"I told you that sun seemed damned peculiar today. Susie, gimme a piece of pineapple pie and dump some ice cream on it."
Ominous words spoken by Ranger Tucker. It would have made me very happy to have seen Ranger Tucker for the few minutes afterwards. I think of him shoveling forkfuls of delicious pie and ice cream into his gob, pausing between bites to say, "yep, damned peculiar." Later on, he gets attacked by flying mice.
We'd just discovered, in the late 70's, that fluorocarbons in aerosol sprays were causing the ozone layer to disappear. We knew that was going to lead to something bad, but we couldn't really tell what just yet. Day of the Animals was likely the first film to take a stance on the issue, postulating that increased cosmic rays at high altitudes would cause animals to become inflamed with bloodthirsty aggression.
The story follows a troop of campers who have hiked miles away from the protection of civilization into the middle of that aggression. The troop is led by Steve Buckner. He's a capable woodsman but grows less and less surefooted after a series of run-ins with the rampant wildlife. One hiker is assaulted by buzzards; another emerges bloodied from a wolf attack. Also, the hikers are getting hungry -- a food stash they'd left at the midpoint of the trail is devoured by animals.

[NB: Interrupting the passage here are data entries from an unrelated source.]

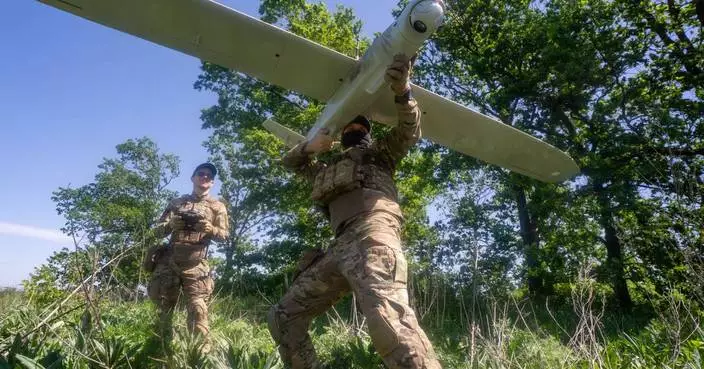 Russian lawmakers want banks and their staff to help fight Ukrainian drones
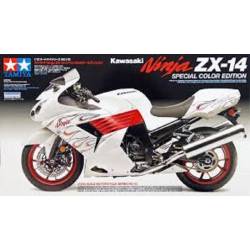 Kawasaki Ninja ZX-14 Special Color Edition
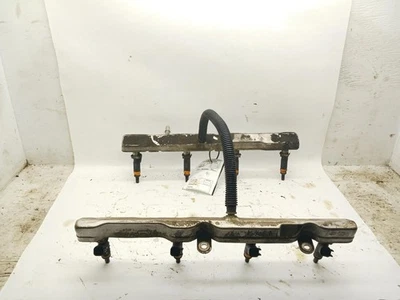 '09-'17 DODGE 1500 riel de combustible con inyectores 5,7 L OEM ¡6 meses de garantía! Foto 1 de 4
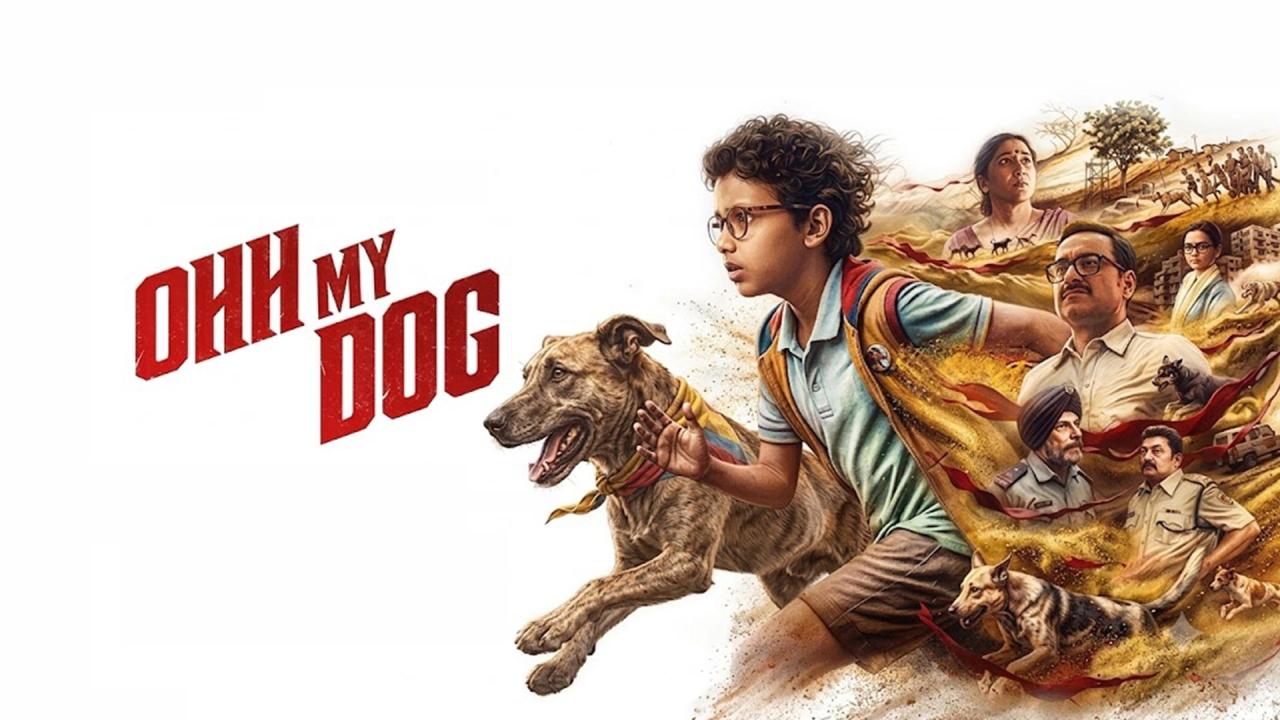 فيلم Ohh My Dog 2026 مترجم  اونلاين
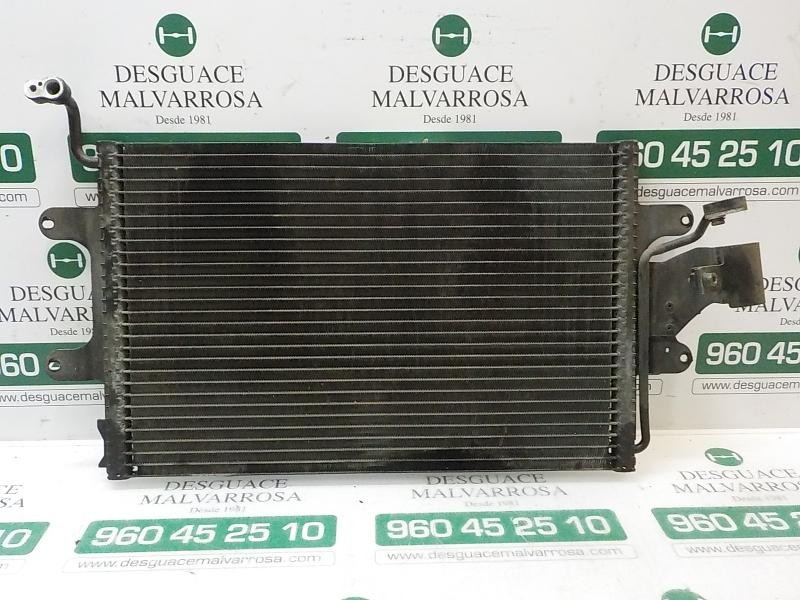 Recambio de condensador aire acondicionado para seat ibiza (6k1) stella referencia OEM IAM   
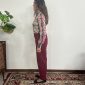 pantalone frenz 1000 righe maison cherie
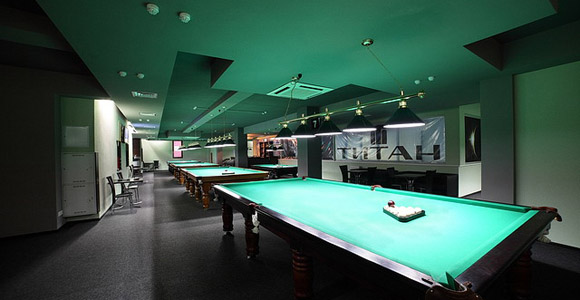 Титан Бильярд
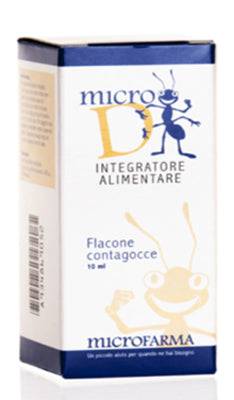 MICROD 10ML - Lovesano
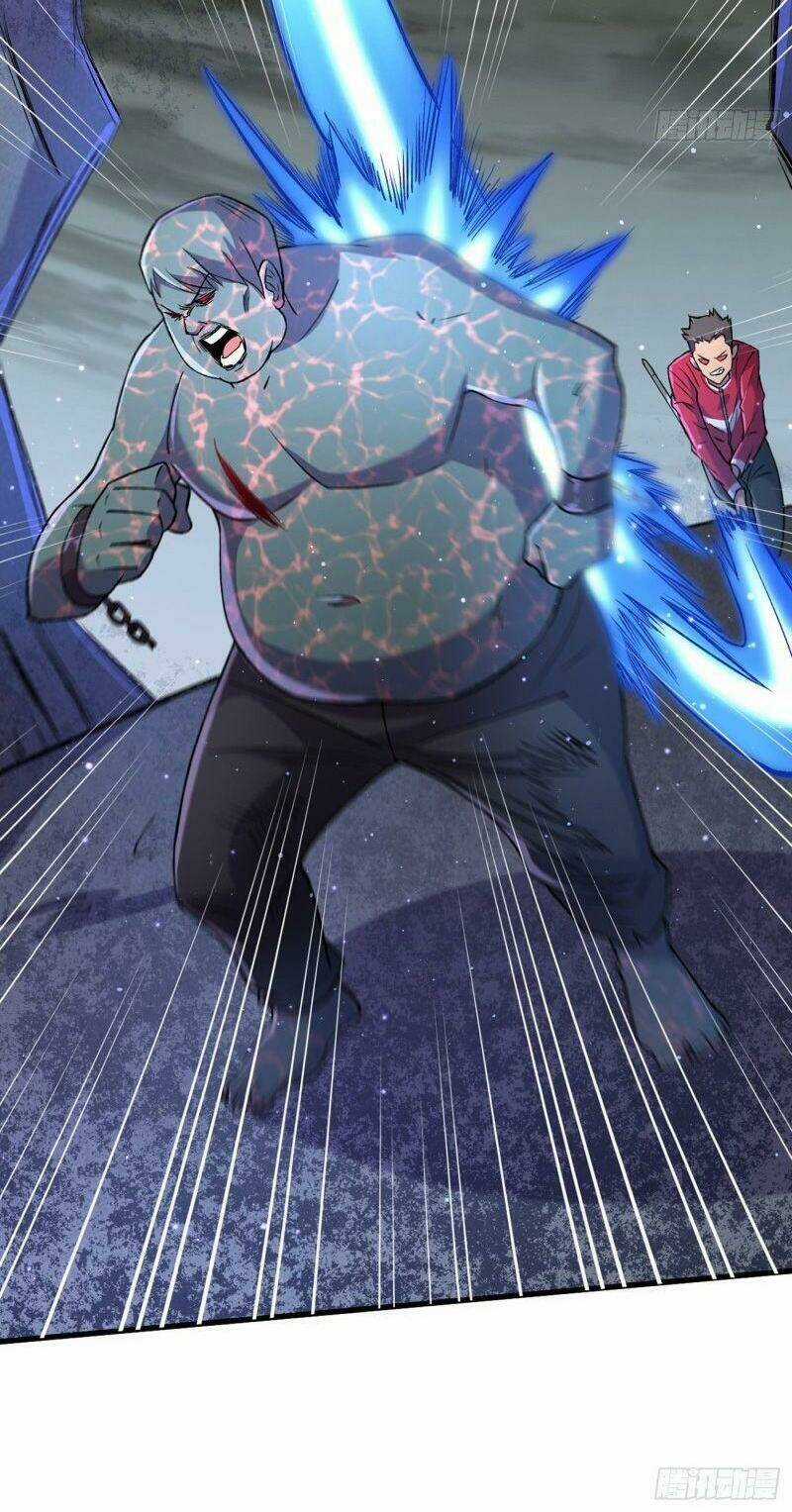 Vào Ngày Tận Thế Nhặt Được Hệ Thống Chapter 55 trang 13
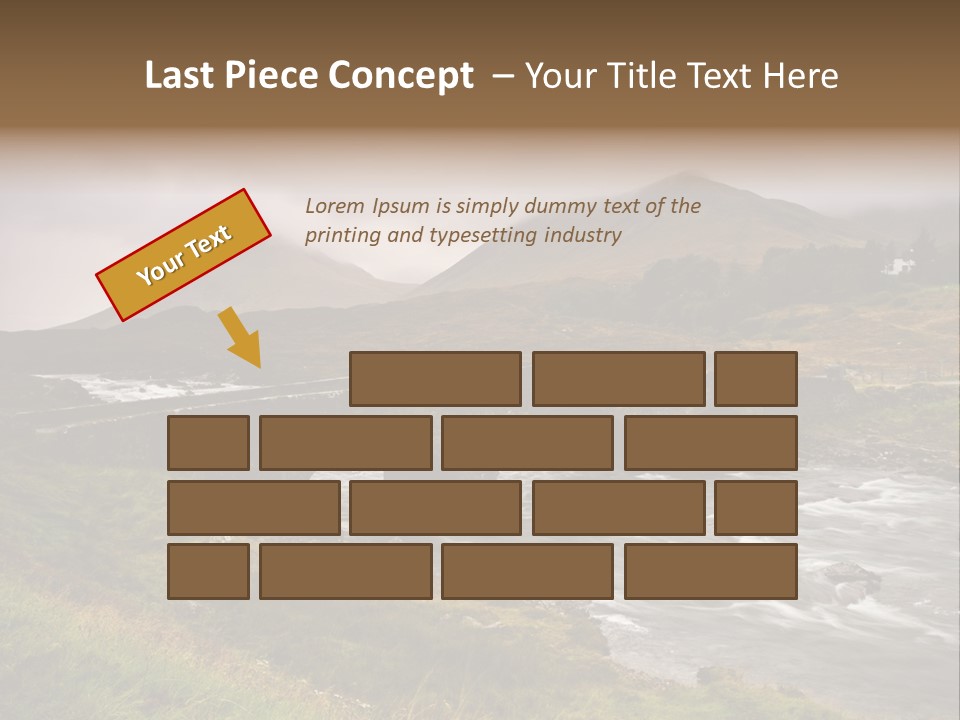 Scotland PowerPoint Template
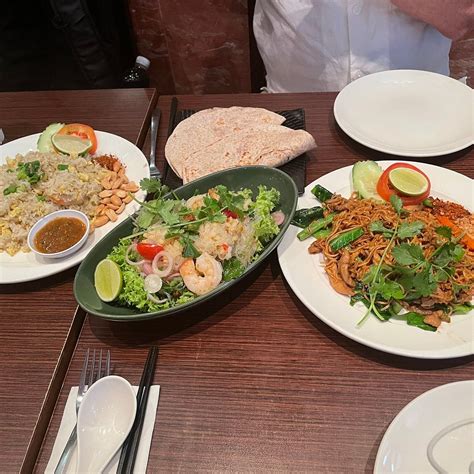 GINGER THAI, Singapore - Central Area/City Area - Restaurant Reviews ...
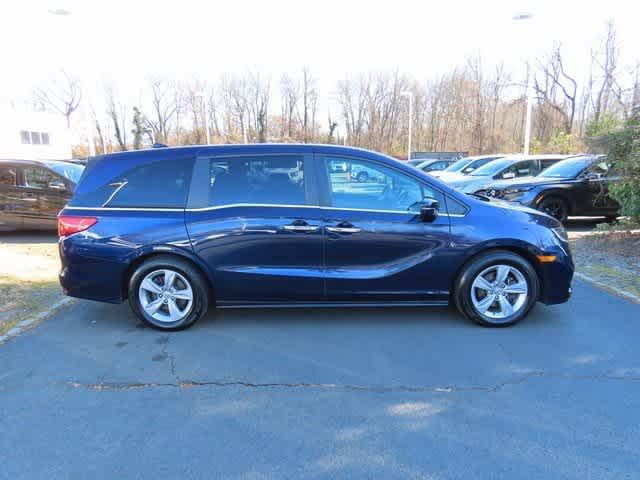 used 2019 Honda Odyssey car, priced at $18,299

Buckner is additionally plagued by the taunts of A-hole ad-exec, Paul Jenson (Leslie Nielsen). Jenson eventually convinces half of the troop to separate from the group and follow him back the way they came. These campers quickly regret letting Jenson take charge as his smug bullying gives way to more sinister, more vicious behaviour. His rapid descent into depravity leads us to guess that this ozone depletion is affecting people as well as beasts. Those who saw Creepshow know that when Leslie Nielsen plays the role of the bad guy, he can be pretty terrifying. The most disturbing attack in DotA comes not from an animal, but from him.
The cinematography is sharp and beautiful. There are several brilliant backlit shots of beasts on the advance and the daytime shots are bleached with the powerful ozone-less sunlight. The camera is often angled a few feet above the action -- we feel that the characters are constantly under quiet surveillance. Lalo Schifrin does the soundtrack and his rattle-clatter tone provide an eerie backdrop to a wilderness holding hidden primal threats.
Some intense moments, although with few plot-significant casualties. Worth watching just to see Leslie Nielsen go all apeshit.